Командарм отметил неожиданно родившееся определение: «создавшаяся обстановка», и оно ему понравилось. Обстановка именно создается.
Майор Лебедев проснулся оттого, что почувствовал себя здоровым. Он полежал, прислушался к тяжелому сопению соседа по палате – обыкновенной комнате-загородке в обыкновенной избе, – посмотрел в маленькое окошко. Там виднелись макушки подоконных цветов, кажется, мальв, а дальше – деревья. Тихие и как будто толстые от набравшей летнюю силу листвы.
Потом он прислушался к себе. Впервые ничто не отзывалось болью, рукам, голове, ногам было удобно и покойно. Он осторожно повернул голову. Шея смолчала и не ответила болью.
Он полежал несколько секунд и только после этого обрадовался: надо же! Опять выскочил! Ранение, сотрясение мозга, сдвиг позвонков, и все-таки… Все-таки опять можно жить. Он не только понимал это, но чувствовал всем своим сильным, тренированным телом: жить можно!
Но он не успел насладиться радостью возвращения к жизни. К госпиталю подкатил «виллис», и из него выскочил капитан Маракуша.
– Здравия желаю, товарищ майор. Уже до подъема просыпаетесь?
– Утро уж очень…
– Это точно! Ну, значит, на поправку пошло, раз утром интересуетесь. Я к вам по делу.
– Садись.
– Полковник Петров приказал узнать, как ваше здоровье, и если ничего – ввести меня в курс. Приказано до вашего возвращения подменять вас.

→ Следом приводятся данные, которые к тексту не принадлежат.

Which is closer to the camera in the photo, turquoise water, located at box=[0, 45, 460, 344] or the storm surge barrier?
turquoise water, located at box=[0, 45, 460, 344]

Ну что ж… Это не новость. И раньше полковник Петров с разрешения начальника штаба вызывал для работы в отделении офицеров дивизионной разведки. Эта не предусмотренная приказами стажировка давала очень многое. Полковник и Лебедев ближе узнавали подчиненных, помогали им, а офицеры из дивизий видели, как напряженно работают штабники, как им приходится крутиться среди разноречивых сведений, требований и задач, сколько времени и сил отнимает скрупулезная подготовка документов, их согласование. И то, что казалось ненужной, штабной блажью, вдруг оборачивалось крайне важным и совершенно необходимым. Может быть, благодаря этой традиции разведка в армии работала ровно, точно, не зная сбоев и срывов.
Все правильно.
Й вот это сознание правильности происходящего рывком вернуло его к привычному делу, и он стал самим собой.
– Общую задачу знаешь?
– Да. Готовить три – четыре группы. Но где, кого, когда?